**TASK OBJECTIVE**
The lines from the top of the material through the line with "Please call us" are to be set down exactly. Leave the pictures out.

**DATASET EXTRACT**

Content starts

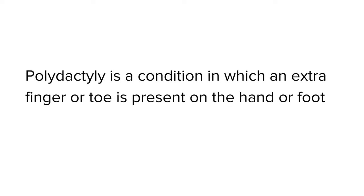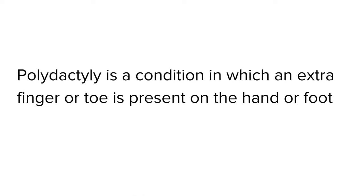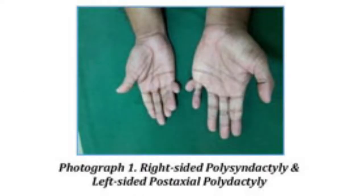Polydactyly is a condition where a person is born with extra fingers, either on hands or toes, on either one or both of their hands and feet. The way this condition presents can vary. It may appear as a small extension, a raised nub, or soft tissue and so on.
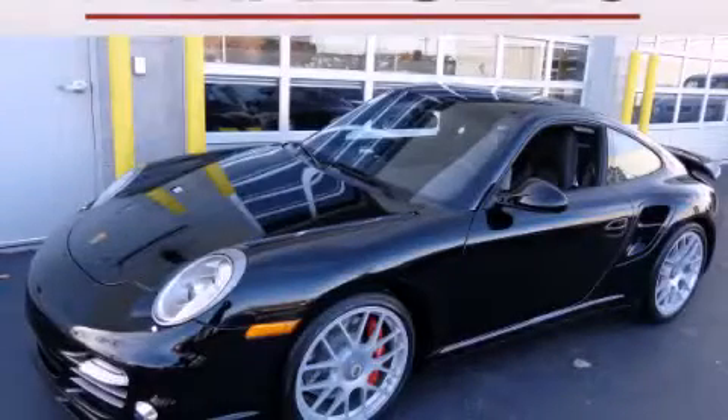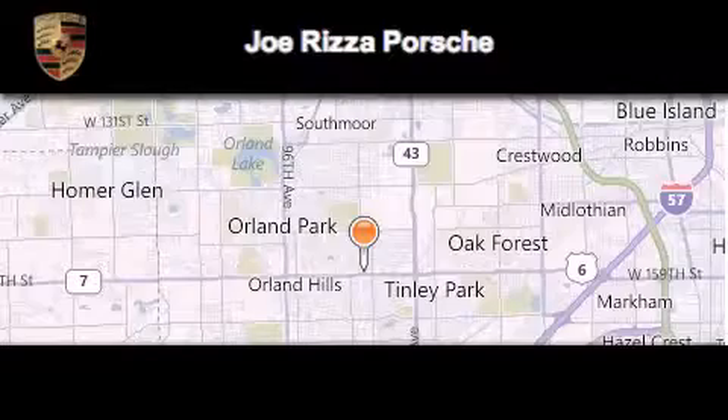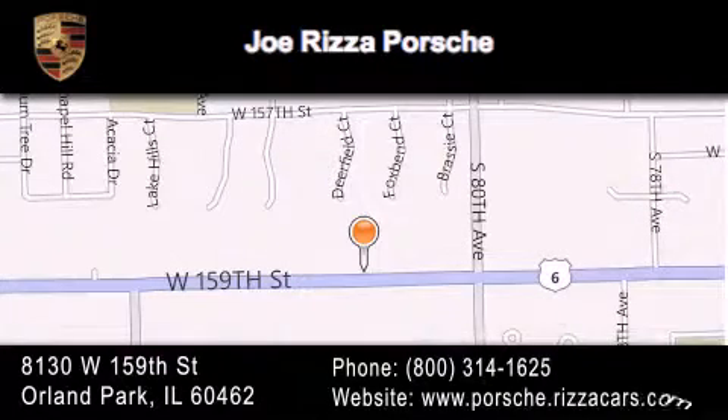Please call us today for more information on this great vehicle. Joe Rizza Porsche is located at 8130 West 159th Street in Orland Park. Our goal is to exceed all of your expectations to ensure that you'll return for future visits.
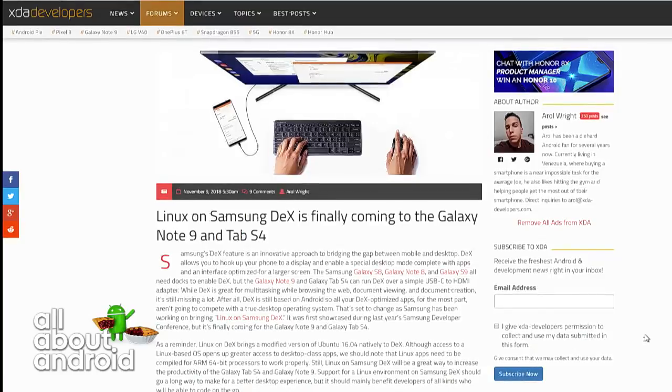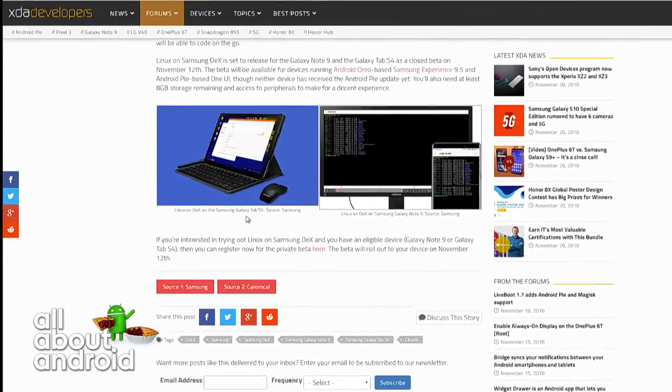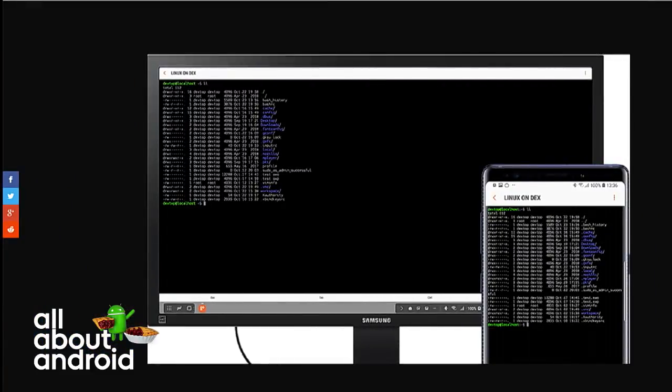It's not DeX — it's Linux on DeX. Samsung DeX mode bridges the gap between the mobile phone and desktop experience, and it relies on Samsung's own desktop environment. But earlier this year, Samsung announced Linux support via DeX with a modified version of Ubuntu 16.04 via a partnership with Canonical. Now this feature is finally being rolled out to the Note 9 and Tab S4 users as an installable beta app called Linux on DeX.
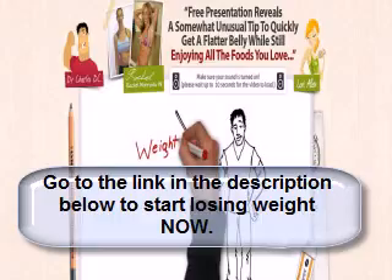You could get the Fat Loss Factor system for less than the price of a single session with most personal trainers. You'll get the entire Fat Loss Factor system teaching you the truth behind fast, permanent weight loss — a system that allows you to still enjoy your favorite foods.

Content ends

**TASK SOLUTION**
Polydactyly is a condition where a person is born with extra fingers, either on hands or toes, on either one or both of their hands and feet. The way this condition presents can vary. It may appear as a small extension, a raised nub, or soft tissue and so on.
Please call us today for more information on this great vehicle. Joe Rizza Porsche is located at 8130 West 159th Street in Orland Park. Our goal is to exceed all of your expectations to ensure that you'll return for future visits.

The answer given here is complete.